Records to process =
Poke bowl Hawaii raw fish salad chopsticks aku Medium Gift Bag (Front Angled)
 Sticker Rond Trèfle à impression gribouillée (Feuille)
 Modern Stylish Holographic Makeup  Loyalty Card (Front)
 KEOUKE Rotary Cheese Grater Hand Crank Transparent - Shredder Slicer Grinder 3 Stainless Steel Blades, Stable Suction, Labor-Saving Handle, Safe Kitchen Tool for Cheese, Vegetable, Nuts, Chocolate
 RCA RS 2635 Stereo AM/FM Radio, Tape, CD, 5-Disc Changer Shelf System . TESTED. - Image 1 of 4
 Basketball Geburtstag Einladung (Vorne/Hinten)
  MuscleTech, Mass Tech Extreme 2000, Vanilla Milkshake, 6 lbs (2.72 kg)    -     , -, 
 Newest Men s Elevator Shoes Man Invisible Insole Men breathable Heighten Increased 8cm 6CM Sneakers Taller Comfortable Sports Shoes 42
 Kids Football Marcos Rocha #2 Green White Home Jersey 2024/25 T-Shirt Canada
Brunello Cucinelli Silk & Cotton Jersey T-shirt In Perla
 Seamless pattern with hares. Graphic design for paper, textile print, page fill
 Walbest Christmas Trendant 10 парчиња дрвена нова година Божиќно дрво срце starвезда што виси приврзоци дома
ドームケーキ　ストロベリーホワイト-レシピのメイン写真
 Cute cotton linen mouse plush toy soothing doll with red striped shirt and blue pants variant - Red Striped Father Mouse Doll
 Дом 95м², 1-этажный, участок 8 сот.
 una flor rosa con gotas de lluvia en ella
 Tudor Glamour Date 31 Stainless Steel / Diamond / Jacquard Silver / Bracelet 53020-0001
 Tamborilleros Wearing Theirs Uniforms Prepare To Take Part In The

Work instructions = Set down every record above exactly as written.

Exercise response =
Poke bowl Hawaii raw fish salad chopsticks aku Medium Gift Bag (Front Angled)
 Sticker Rond Trèfle à impression gribouillée (Feuille)
 Modern Stylish Holographic Makeup  Loyalty Card (Front)
 KEOUKE Rotary Cheese Grater Hand Crank Transparent - Shredder Slicer Grinder 3 Stainless Steel Blades, Stable Suction, Labor-Saving Handle, Safe Kitchen Tool for Cheese, Vegetable, Nuts, Chocolate
 RCA RS 2635 Stereo AM/FM Radio, Tape, CD, 5-Disc Changer Shelf System . TESTED. - Image 1 of 4
 Basketball Geburtstag Einladung (Vorne/Hinten)
  MuscleTech, Mass Tech Extreme 2000, Vanilla Milkshake, 6 lbs (2.72 kg)    -     , -, 
 Newest Men s Elevator Shoes Man Invisible Insole Men breathable Heighten Increased 8cm 6CM Sneakers Taller Comfortable Sports Shoes 42
 Kids Football Marcos Rocha #2 Green White Home Jersey 2024/25 T-Shirt Canada
Brunello Cucinelli Silk & Cotton Jersey T-shirt In Perla
 Seamless pattern with hares. Graphic design for paper, textile print, page fill
 Walbest Christmas Trendant 10 парчиња дрвена нова година Божиќно дрво срце starвезда што виси приврзоци дома
ドームケーキ　ストロベリーホワイト-レシピのメイン写真
 Cute cotton linen mouse plush toy soothing doll with red striped shirt and blue pants variant - Red Striped Father Mouse Doll
 Дом 95м², 1-этажный, участок 8 сот.
 una flor rosa con gotas de lluvia en ella
 Tudor Glamour Date 31 Stainless Steel / Diamond / Jacquard Silver / Bracelet 53020-0001
 Tamborilleros Wearing Theirs Uniforms Prepare To Take Part In The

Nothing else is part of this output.